DATA EXTRACTS
+===+
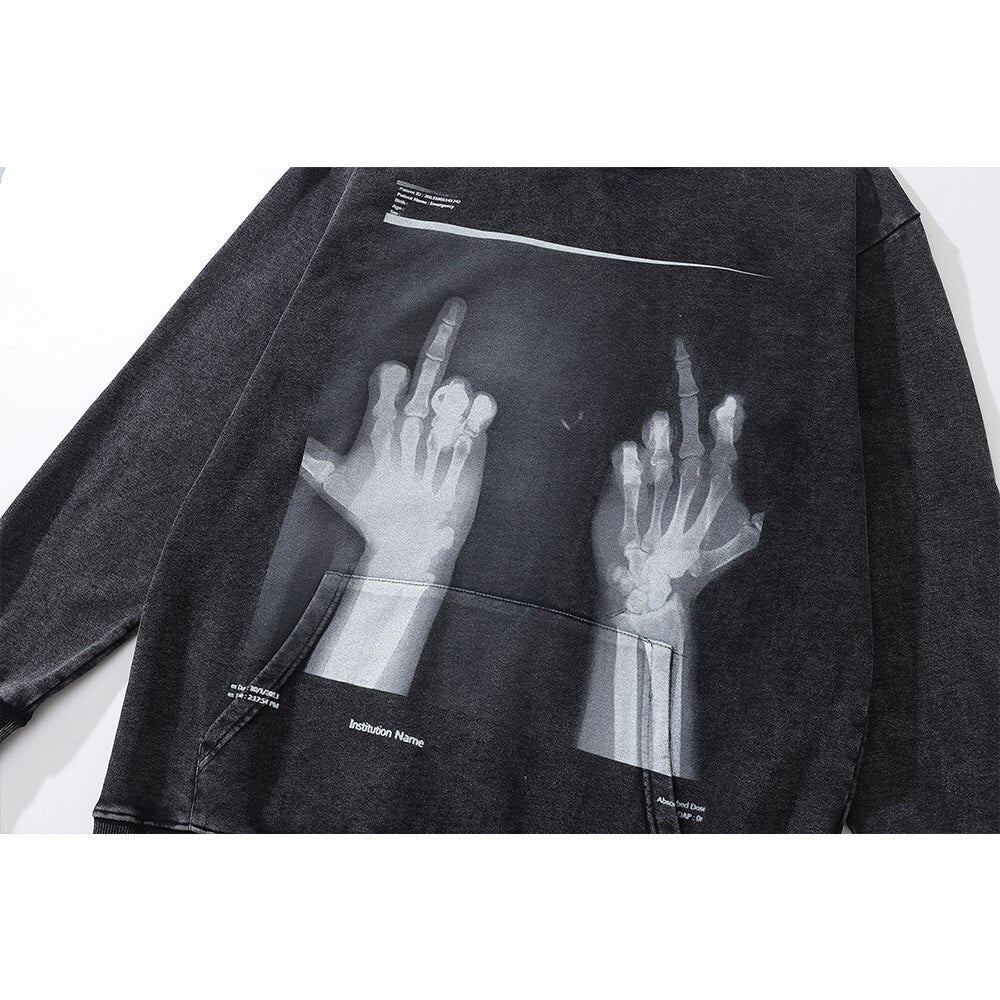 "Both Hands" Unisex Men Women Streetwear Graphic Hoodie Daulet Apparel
+===+
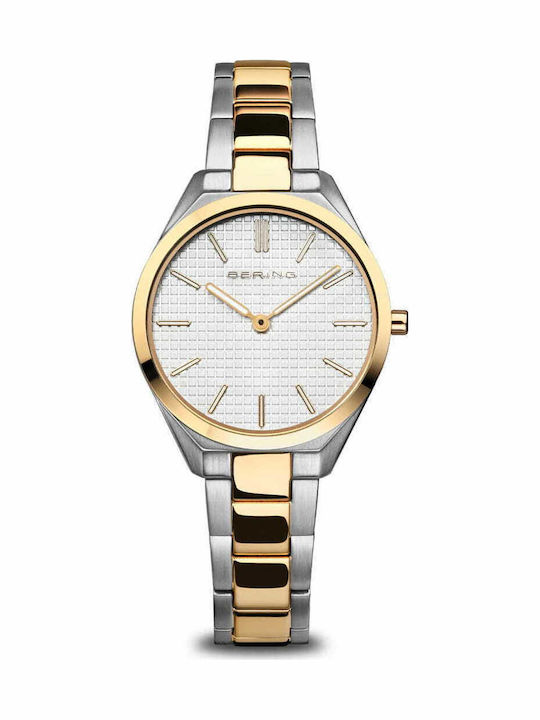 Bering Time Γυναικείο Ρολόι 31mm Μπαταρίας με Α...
+===+
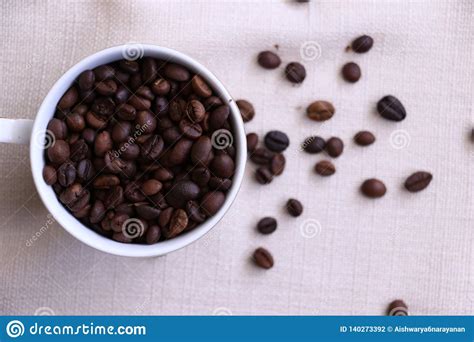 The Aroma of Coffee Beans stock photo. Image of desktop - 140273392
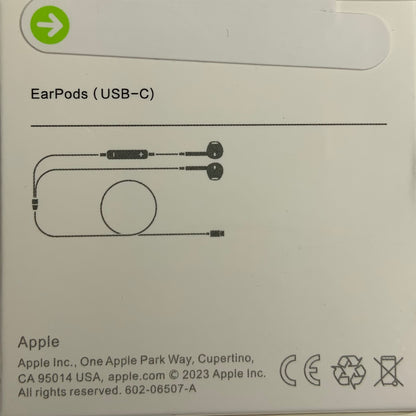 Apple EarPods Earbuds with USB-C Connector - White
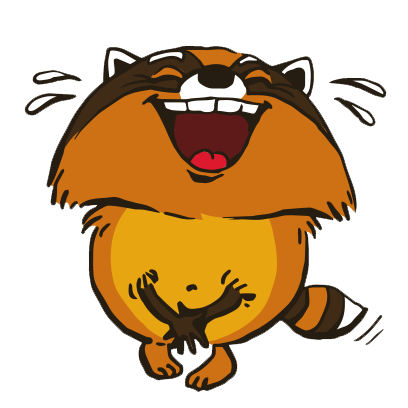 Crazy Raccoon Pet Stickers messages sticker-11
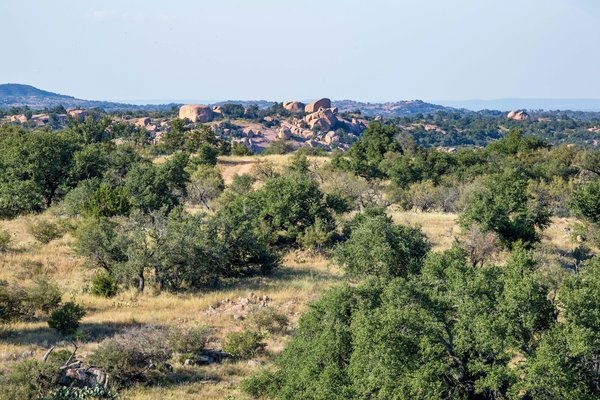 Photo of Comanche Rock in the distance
+===+
TASK INSTRUCTIONS
Within the listing above, the lines from the one with "The Aroma of" through the one with "Photo of Comanche Rock in the distance" are to be given again word for word. Do not include pictures.

YOUR SOLUTION
 The Aroma of Coffee Beans stock photo. Image of desktop - 140273392
 Apple EarPods Earbuds with USB-C Connector - White
 Crazy Raccoon Pet Stickers messages sticker-11
 Photo of Comanche Rock in the distance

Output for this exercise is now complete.